Faciliter les tractations
Elle vient d’ailleurs de se voir accuser par l’Alliance démocratique du peuple malien (ADÉPM), un parti d’opposition malien, de s’être approprié le territoire au cours d’une opération que le ministère de la Défense nationale algérien a présenté, dans un communiqué de réaction, comme une simple “mission technique”,... sans nier toutefois avoir déployé en plein territoire malien, et ce sans l’autorisation de Bamako, des soldats de l’ANP. “L’Algérie (...) réitère son total engagement à respecter la souveraineté des États et le principe de l’intangibilité des frontières,” a plaidé le ministère de la Défense algérien. M. Tebboune renvoyait sans doute lui-même à la levée de boucliers de l’ADÉPM en clamant, dans son allocution du 10 octobre, que l’action de son pays au Mali ne n’inscrivait “pas dans le cadre de plans expansionniste ou idéologique”.

La méfiance envers l’irrédentisme algérien semble, toutefois, persister, et on la trouve d’ailleurs également dans les autres pays du voisinage et notamment en Libye, où l’on sait qu’une partie de l’état-major de l’ANP n’a pas encore tout-à-fait renoncé à l’annexion de la région du Fezzan, qui pour rappel fit, d’avril 1943 à décembre 1951, partie de l’Algérie française. Elle explique sans doute en grande partie l’échec de la médiation algérienne dans le pays d’Omar El Mokhtar, où les belligérants ont, dès 2015, choisi de se tourner vers le Maroc pour faciliter les tractations entre eux, avec finalement l’accord le 7 octobre à Bouznika entre le Haut conseil d’Etat et de la Chambre des représentants sur la future répartition des postes de souveraineté.

Alger, on le sait, n’a jamais accepté cela, comme l’avait illustré le fait que M. Boukadoum fasse l’impasse, dans l’interview qu’il avait accordée le 8 septembre à la chaîne France 24, sur le round de négociations se tenant en même temps à Skhirat alors que la journaliste Soundousse Ibrahimi lui avait pourtant posé la question sur le conflit libyen, et M. Tebboune a emboîté le pas, au ministère de la Défense algérien, à son ministre des Affaires étrangères en comparant ce round à “réunir cinq personnes par-ci, par-là”.

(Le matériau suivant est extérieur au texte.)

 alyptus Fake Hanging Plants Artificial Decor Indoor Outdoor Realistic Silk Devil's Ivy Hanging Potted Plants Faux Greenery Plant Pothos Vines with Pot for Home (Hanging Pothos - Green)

Le président algérien a insisté, à cet égard, sur le fait que, selon lui, la seule vraie solution était d’organiser des élections et que “toute autre solution est une perte de temps”; sauf qu’à la veille du déplacement de ce 15 octobre du ministre de l’Europe français, Jean-Yves Le Drian, en Algérie, les officiels algériens remettaient sur la table la soi-disant solution des pays du voisinage dont le quotidien algérien El Khabar avait, le premier, détaillé la teneur le 4 août. Preuve s’il en fallait encore d’une mauvaise foi sans bornes, au figuré comme, surtout, au propre.